Source Control Suggestions?

What source control systems are people using with Rhythmyx? (CVS, SVN, etc.) Does anyone have any advice on what does or does not work well?
Thanks.

The most important suggestion, of course, is that you use Source Control. I recommend exporting all of your Content Types and Templates as XML files. Put these files in your source control tree, along with any other scripts, configuration files, html, JSP, etc.

We’ve had good luck with Subversion, both for developing Java components that will be used with Rhythmyx and for Rhythmyx components as described above.

In the “old days” we used Visual Source Safe. I wouldn’t wish that on my worst enemy.

We’ve also done a couple of projects that used CVS, and found it cumbersome. Given that Subversion seems to be supplanting CVS (it was written as a “CVS replacement”, after all) for projects around the net, I think you’re far better of using Subversion than CVS.

Dave

Dave,
thanks for the tips.
We are leaning toward subversion at the moment, so I am glad to hear it is working well for you.

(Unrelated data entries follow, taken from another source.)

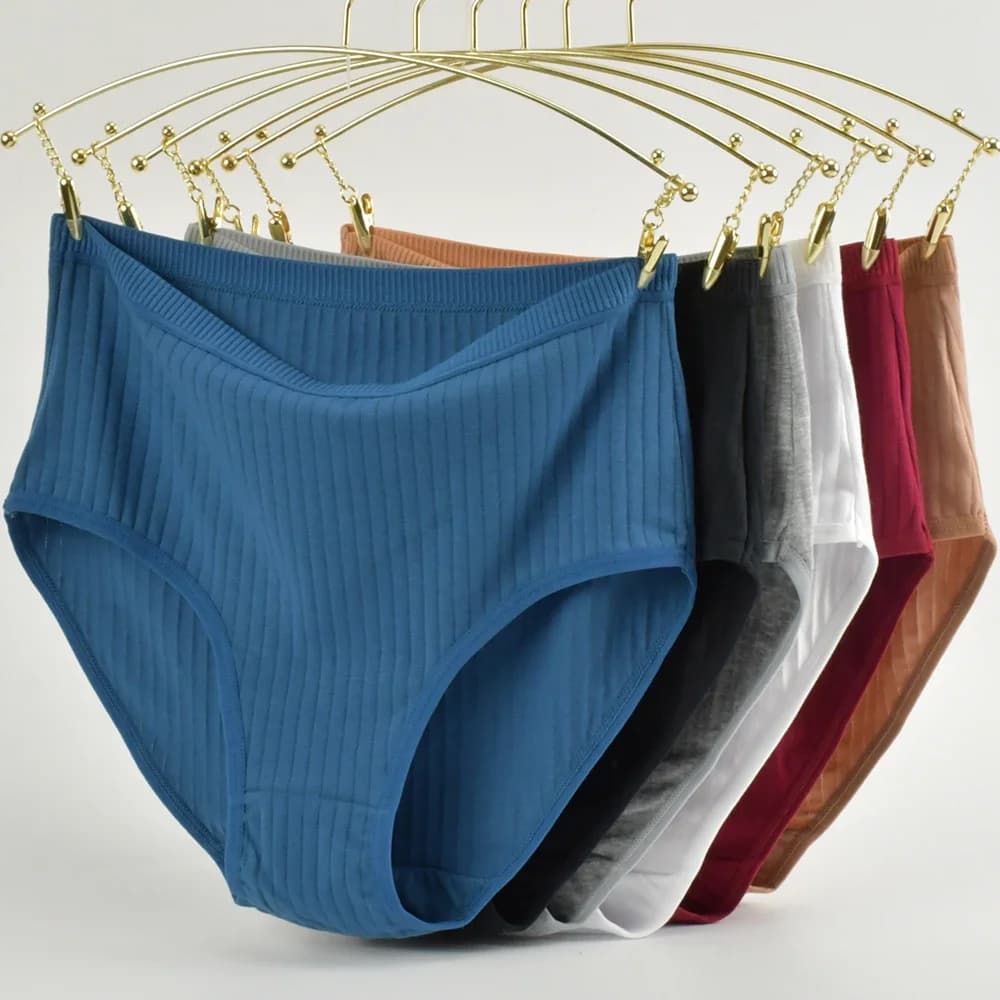 Měkké bavlněné kalhotky s vysokým pasem pro ženy, prodyšné, plus size, dámské kalhotky, pruhované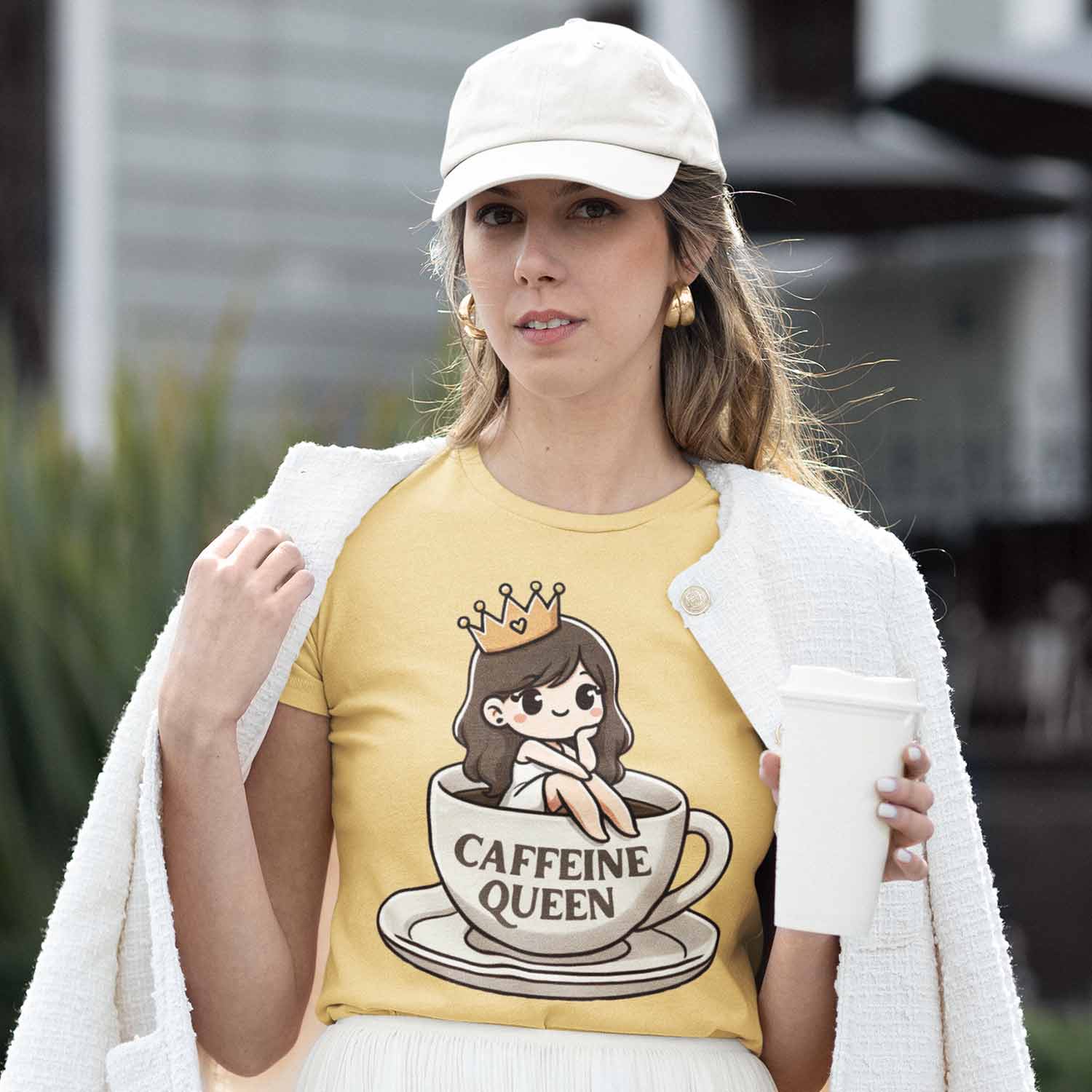 graphic caffeine queen t-shirt printed graphic stylish buy online india the banyan tee tbt men women girls boys unisex beige 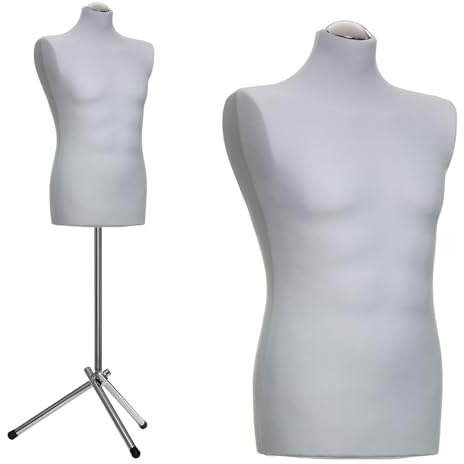 DummyDoll Schneiderpuppe männlich Größe 48/50, Überzug Silbergrau, Dreibein + Kappe Chrom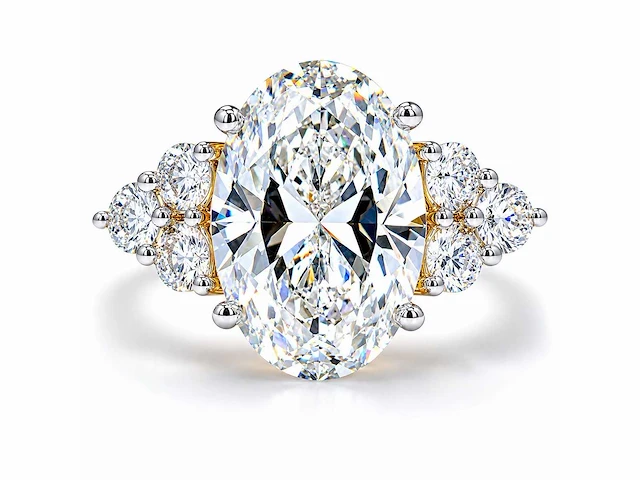 18 karaat geelgouden ring met 8,00 ct. diamant - afbeelding 1 van  12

Is there some automated way that your are keeping the RX tree and your Subversion DB synchronized? I am a total noob in this department and it seems like I would be saving everything twice from the workbench. Is this what you are doing or am I way off?

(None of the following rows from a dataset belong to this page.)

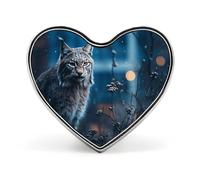 Heart Lapel Pins Metal Heart Female Lynx Printed Brooch Badge for Backpacks Or Lapels, Valentine Pin, Heart Pins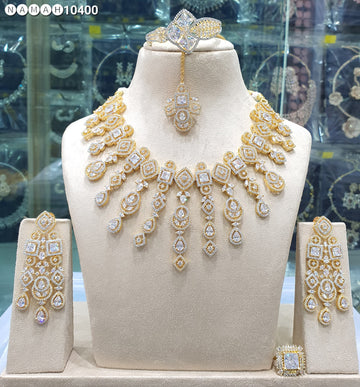 Beautiful American Diamond Antique Stone Necklace with Earrings Jewellery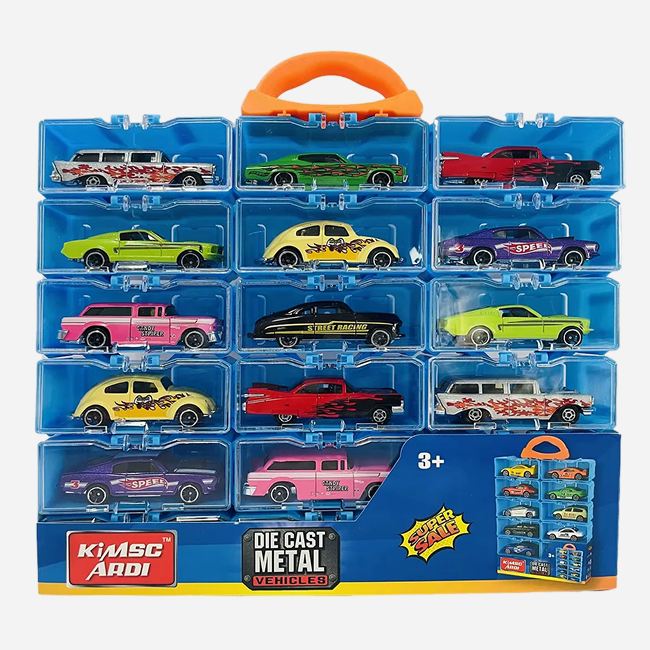 18PCS Die Cast Metal Toy Car Set Mini Collectible Vehicle Playset with Portable Storage Organizer Carry Case Gift for Kids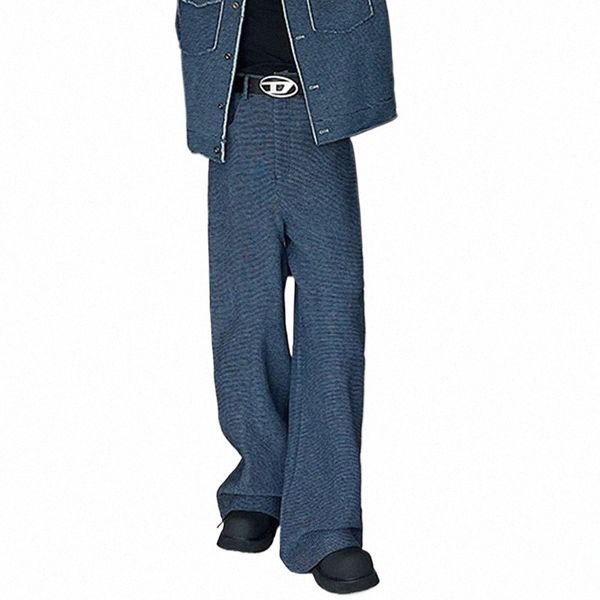 Luzhen Elegante stilvolle neue Herren-Baggy-Jeans koreanische lose vielseitige Denim-Qualitäts-Straßen-gerade Bein-weite Hose 2024 Aa3111 m4AJ #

I don’t know why you say “saving twice”, but I do think it’s rather tedious to have to track all of your changes by hand. Unfortunately, that’s the only way right now.

Dave

Sorry, I meant that I assume the only way to save changes to SVN is to (1) save whatever changes you make in the workbench and then (2) save/commit the updated files in the RX folder to subversion. Is this what you mean by “by hand”?

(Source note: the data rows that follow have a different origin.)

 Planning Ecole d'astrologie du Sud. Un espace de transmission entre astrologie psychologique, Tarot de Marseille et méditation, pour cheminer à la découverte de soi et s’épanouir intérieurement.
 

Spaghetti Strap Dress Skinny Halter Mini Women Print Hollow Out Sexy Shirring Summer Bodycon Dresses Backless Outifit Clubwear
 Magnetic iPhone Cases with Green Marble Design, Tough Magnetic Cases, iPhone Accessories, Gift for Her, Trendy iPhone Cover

Yes, that’s what I meant. Depending on how you count there may be 3 or more steps in the process. The first step is always to remember what components you’ve changed and need to update in SVN.

Dave

Dave,
I am setting up Subversion now and I am having a bit of trouble.
I have SVN set up on a Win2003 server with Apache 2.0. It seems like the easiest way to keep track of everything is to create an empty repository (on the SVN server)and then check it out to the network share of the RX tree (on our development server). Then I started adding folders using TortoiseSVN and committing them (from my WinXP PC). This seems to be rather slow and unreliable and I have ended up with ostructed files and mysterious locks that keep me from fixing problems.

Can you give me a more detailed description of your set up and process?

Thanks

I don’t think it’s a good idea to use the Rhythmyx tree as your “sandbox”.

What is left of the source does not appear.